Record excerpts =>
=-=-=-=-=

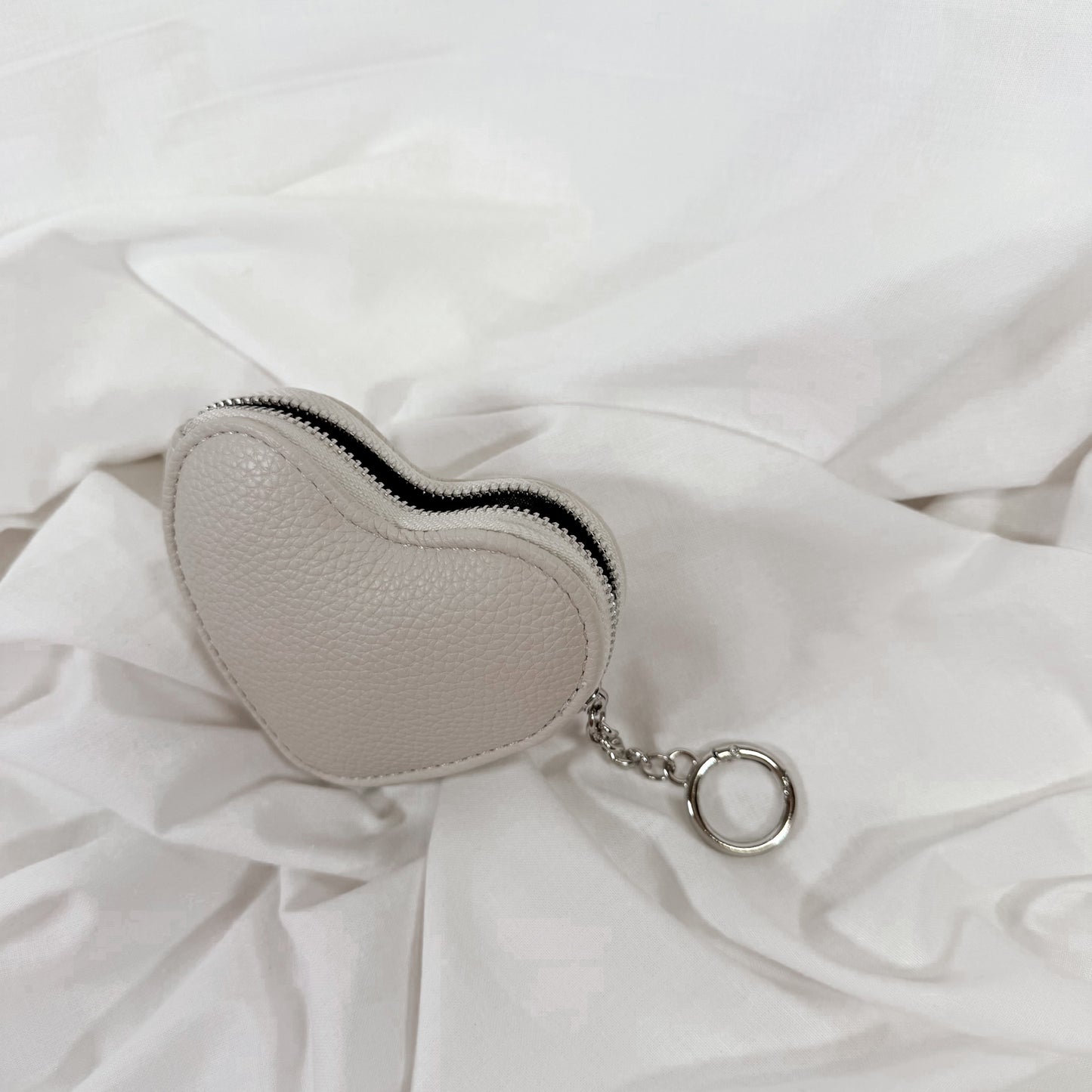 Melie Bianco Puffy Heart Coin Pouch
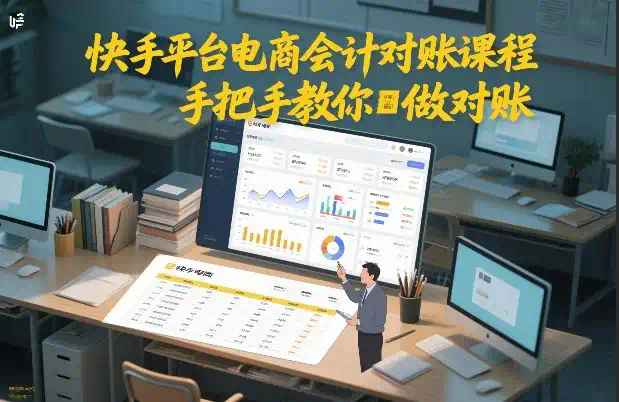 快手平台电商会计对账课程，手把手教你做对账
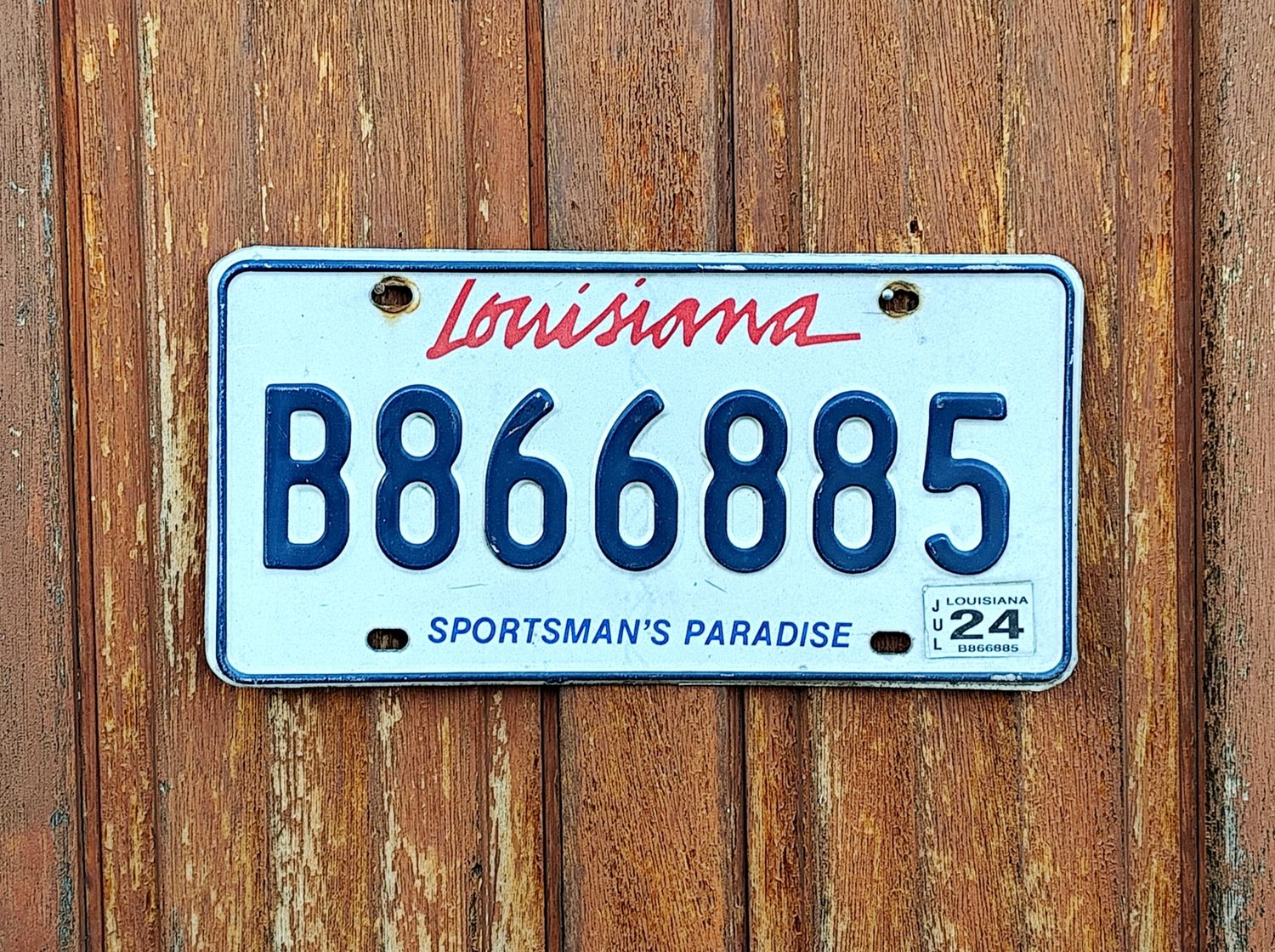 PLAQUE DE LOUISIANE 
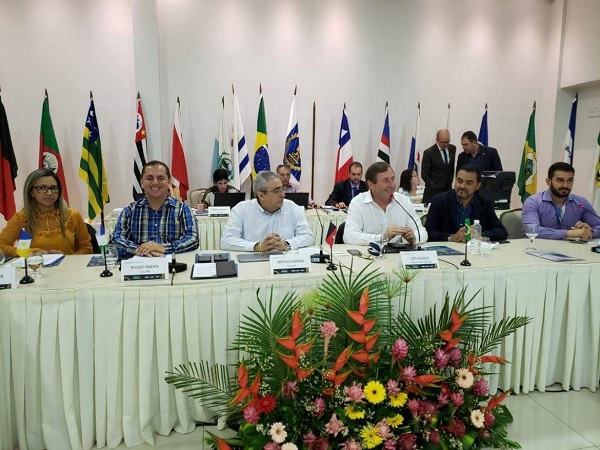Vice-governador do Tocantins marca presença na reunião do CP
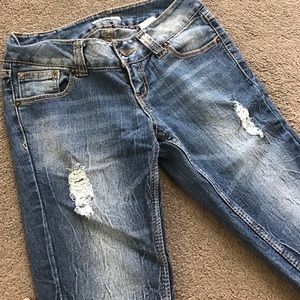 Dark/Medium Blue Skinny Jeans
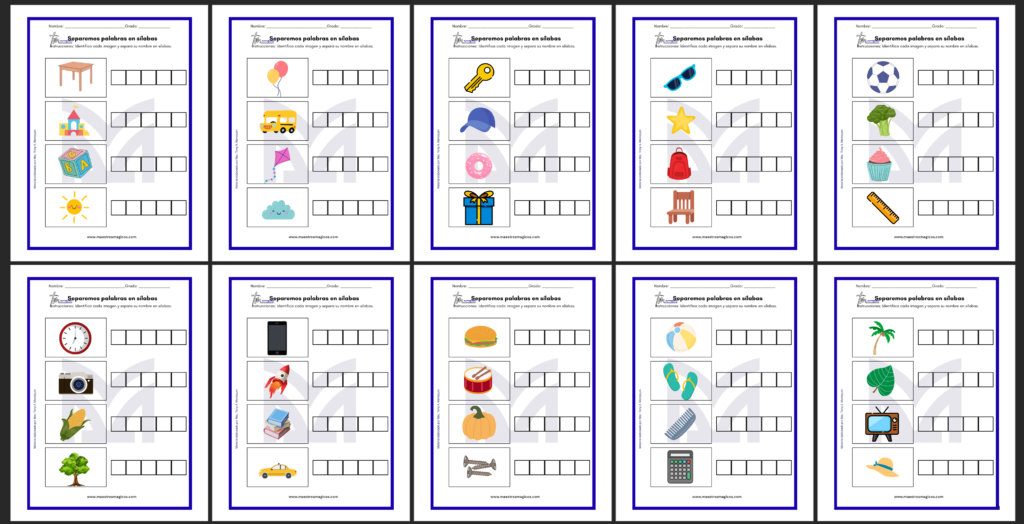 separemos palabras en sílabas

=-=-=-=-=

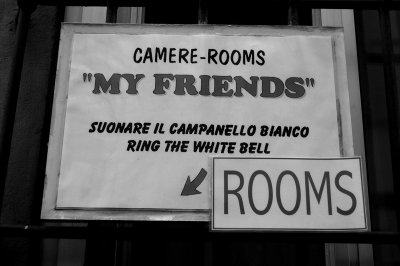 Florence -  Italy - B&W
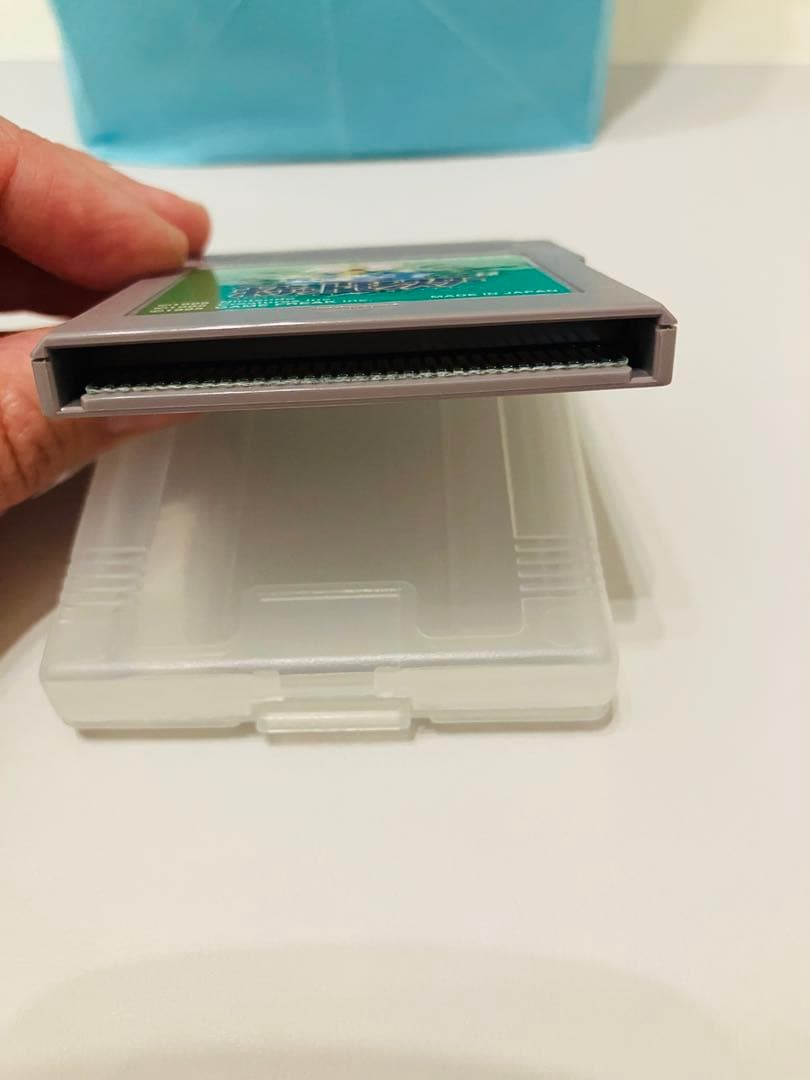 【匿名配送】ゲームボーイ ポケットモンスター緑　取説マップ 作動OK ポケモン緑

=-=-=-=-=

An exact copy is needed. It runs from the line above containing "PLAQUE DE LOUISIANE" down to the line containing "separemos palabras en sílabas", both included, with no pictures.

 PLAQUE DE LOUISIANE 
Vice-governador do Tocantins marca presença na reunião do CP
 Dark/Medium Blue Skinny Jeans
 separemos palabras en sílabas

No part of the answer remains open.